It's not that easy - due to extremely low SNR in VASO, so far we were not able to decode even very simple task contrasts with VASO. In addition, we can't replicate important VASO findings. www.biorxiv.org/content/10.1...

It's not so easy. It depends, if reduced sensitivity is coming from removing fasle-positive vein signals. VASOs sensitivity to micro vessels is not bad and often used for MVPA Wasn't the replication issue in that study discussed wrt segmentation issues. If at all, VASO's T1 contrast helps with that

I haven't seen that many papers yet using MVPA in VASO. With respect to our replication study, main thing is the ROI selection I would say and not segmentation issues as we did a lot of control analyses including manual segmentation.

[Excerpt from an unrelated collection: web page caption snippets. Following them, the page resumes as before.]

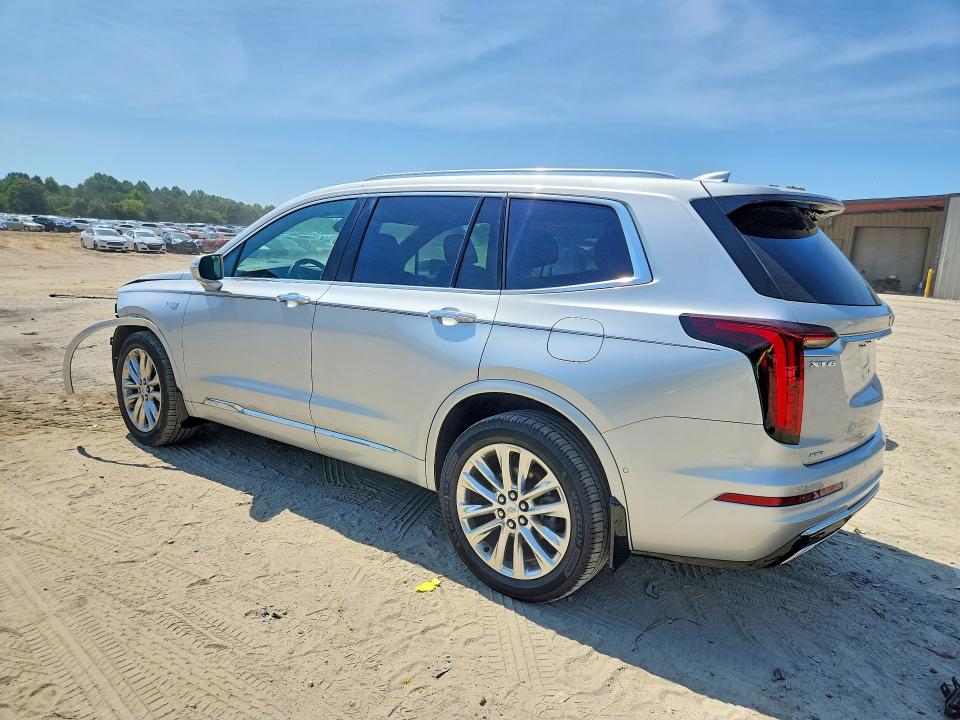 2020 Cadillac Xt6 მანქანა იყიდება აუქციონზე, vin: 1GYKPDRS5LZ216484, აუქციონის ნომერი: 60639996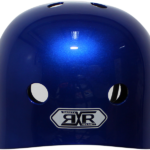 066F-metalic blue back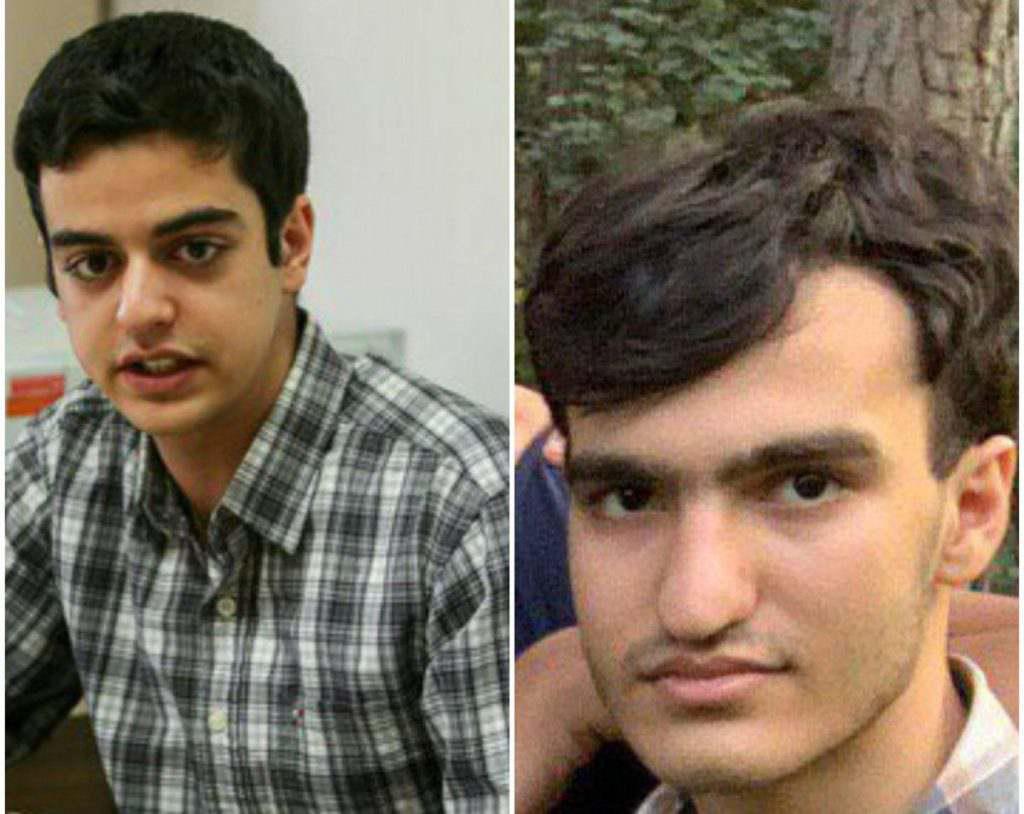 ifmat - Iran judiciary admits arrest of Amir Hossein Moradi and Ali Younesi - Sharif University of Technology Elite Students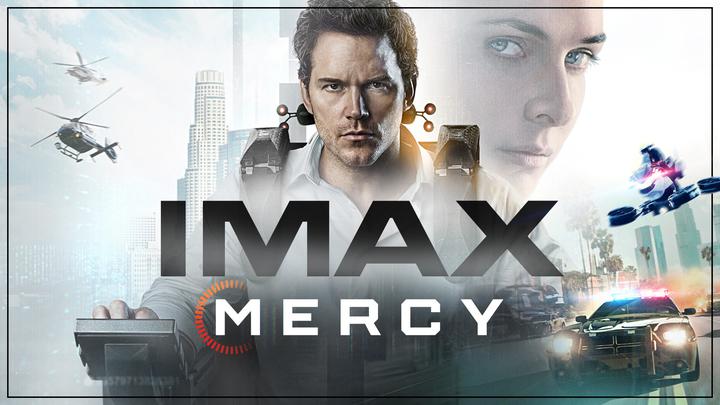 极限审判IMAX电影海报横版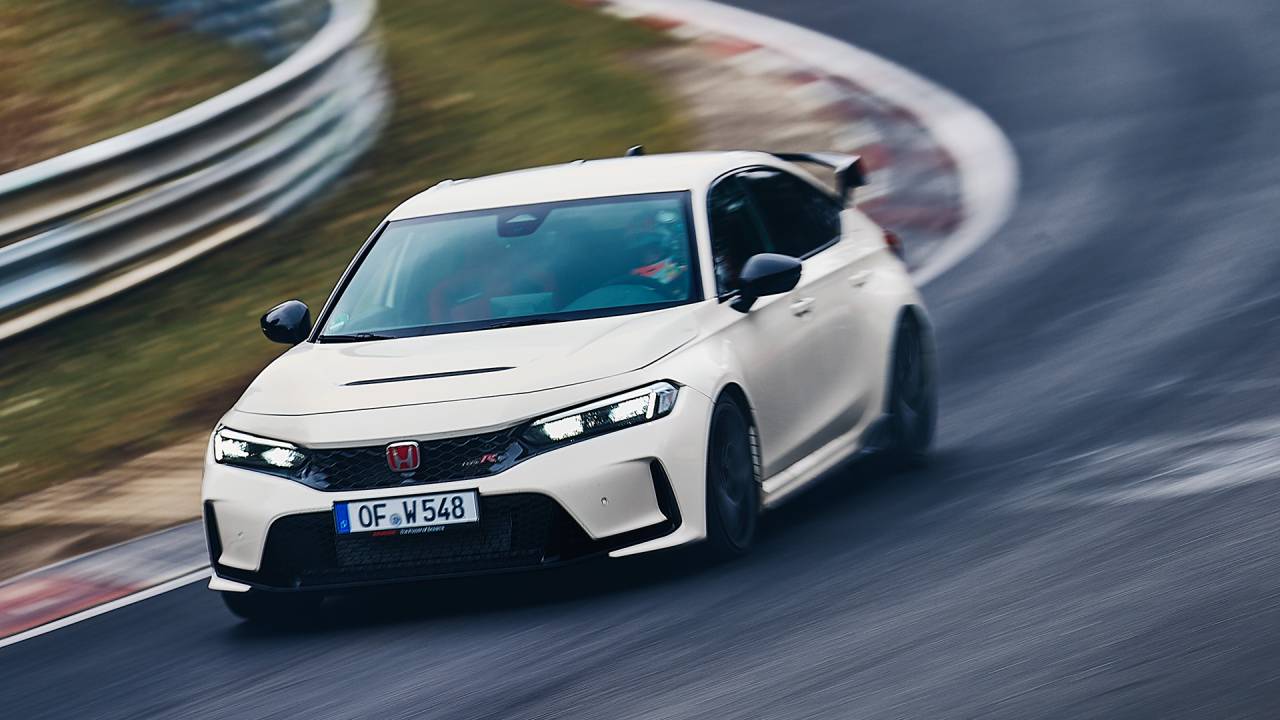 Type R versão quase que específica para bater recorde de tempo em Nürburgring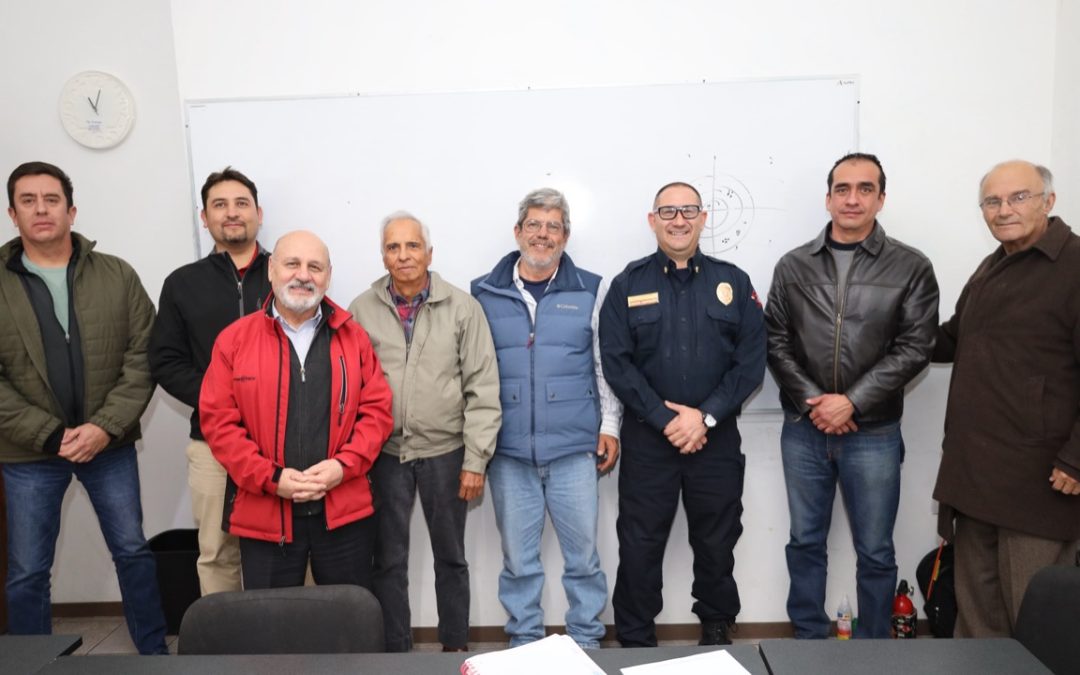Se integra el Patronato del Cuerpo de Bomberos y Rescate de Cuauhtémoc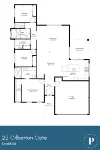 22 Gilberton Gate, Smithfield, Qld 4878-Floorplan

Thanks. I am glad we agree that the replication discussion was not about VASO then. Kenshu Koiso (movies + newly faces/places), Insub Kim (orientation), Daniel Haenelt (ODC) compared MVPA across contrasts. Their results agree with you on vein effects in MVPA BOLD. No 🌌 left, DM 4 🔗.

Compared to laminar MVPA in GE-BOLD, these are not many studies :) I know your work (RSA in Kenshu paper), Polina's preprint + Daniel's preprint (where it becomes evident that decoding with VASO is hard and in his case looks similar to GE-BOLD on the group level). Is Insub Kim's work published yet?